I have been told that -
“the regulations governing the practice of Attorneys, Certified Public Accountants, Enrolled Agents, Enrolled Actuaries, Enrolled Retirement Plan Agents and Appraisers before the Internal Revenue Service are published in 31 CFR Part 10 and reprinted in Treasury Department Circular 230. As for the statute itself, the legal cite for Attorneys and CPAs is:
Section 500(b) and (c) of title 4 of the United States Code, which provides:
(b) An individual who is a member in good standing of the bar of the highest court of a State may represent a person before an agency on filing with the agency a written declaration that he is currently qualified as provided by this subsection and is authorized to represent the particular person in whose behalf he acts.

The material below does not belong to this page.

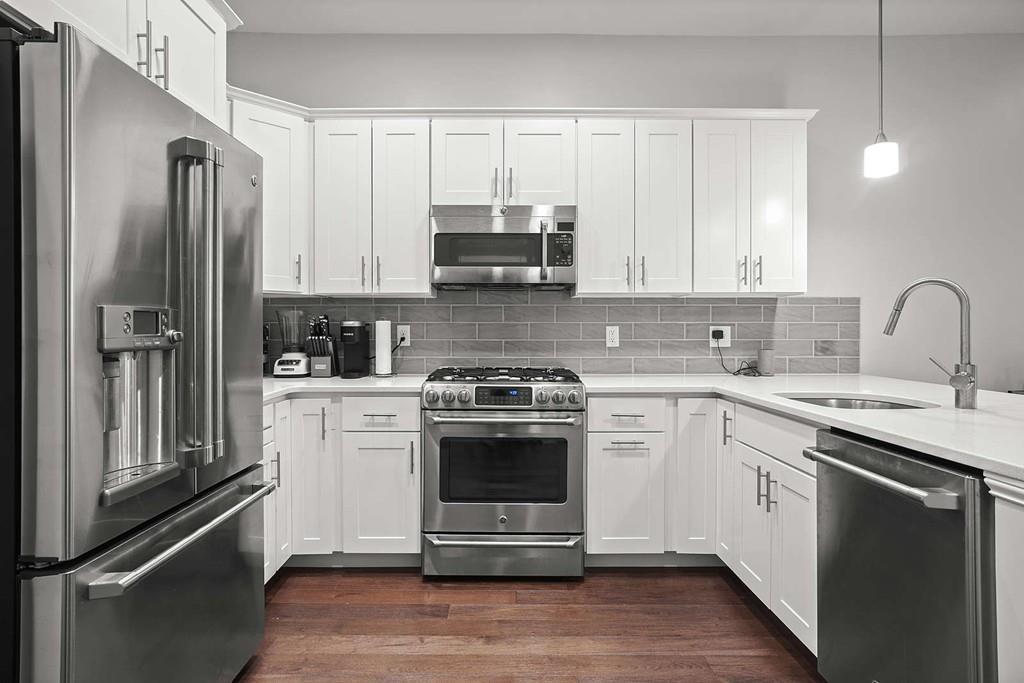 1 bed, 1 bath apartment for rent at 170 W Broadway Unit 206, South Boston — photo 9 of 9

(c) An individual who is duly qualified to practice as a certified public accountant in a State may represent a person before the Internal Revenue Service of the Treasury Department on filing with that agency a written declaration that he is currently qualified as provided by this subsection and is authorized to represent the particular person in whose behalf he acts.”
It seems to me the problem arises with the definition of the term “practice”. The IRS, it seems, has proposed that the term “practice” include not only representing clients before the IRS and in Tax Court, but also “preparing” tax returns. The Service, under the new regime, would extend the right of limited “practice”, limited to the specific practice component of “tax return preparation”, to those who will eventually be the newly designated Registered Tax Return Preparers. But Attorneys and CPAs have been previously permitted the right to apparent unlimited “practice” before the IRS based solely on their state credentials.
However, the wording I was quoted does not say that attorneys and CPAs are authorized to “practice before the Internal Revenue Service” but “may represent a person before an agency” or “may represent a person before the Internal Revenue Service of the Treasury Department” and are “authorized to represent the particular person in whose behalf he acts”. So I see no problem here with requiring attorneys and CPAs who want to prepare 1040s to take the test and the annual CPE in federal taxation.
If the “statutory exemption” is found elsewhere in federal law, perhaps buried in the humongous Administrative Procedure Act as has been suggested, I would appreciate it if someone could tell me exactly where (chapter and verse, so to speak).
If CPAs and attorneys are exempt due to statutory language I certainly hope that the IRS, in its public education campaign, emphasizes the fact that only Enrolled Agents and the new Registered Tax Return Preparers have proven competence and currency in 1040 preparation by being tested and required to maintain mandatory annual CPE in federal taxation.
TTFN
I have been told that -
“the regulations governing the practice of Attorneys, Certified Public Accountants, Enrolled Agents, Enrolled Actuaries, Enrolled Retirement Plan Agents and Appraisers before the Internal Revenue Service are published in 31 CFR Part 10 and reprinted in Treasury Department Circular 230. As for the statute itself, the legal cite for Attorneys and CPAs is:
Section 500(b) and (c) of title 4 of the United States Code, which provides:
(b) An individual who is a member in good standing of the bar of the highest court of a State may represent a person before an agency on filing with the agency a written declaration that he is currently qualified as provided by this subsection and is authorized to represent the particular person in whose behalf he acts.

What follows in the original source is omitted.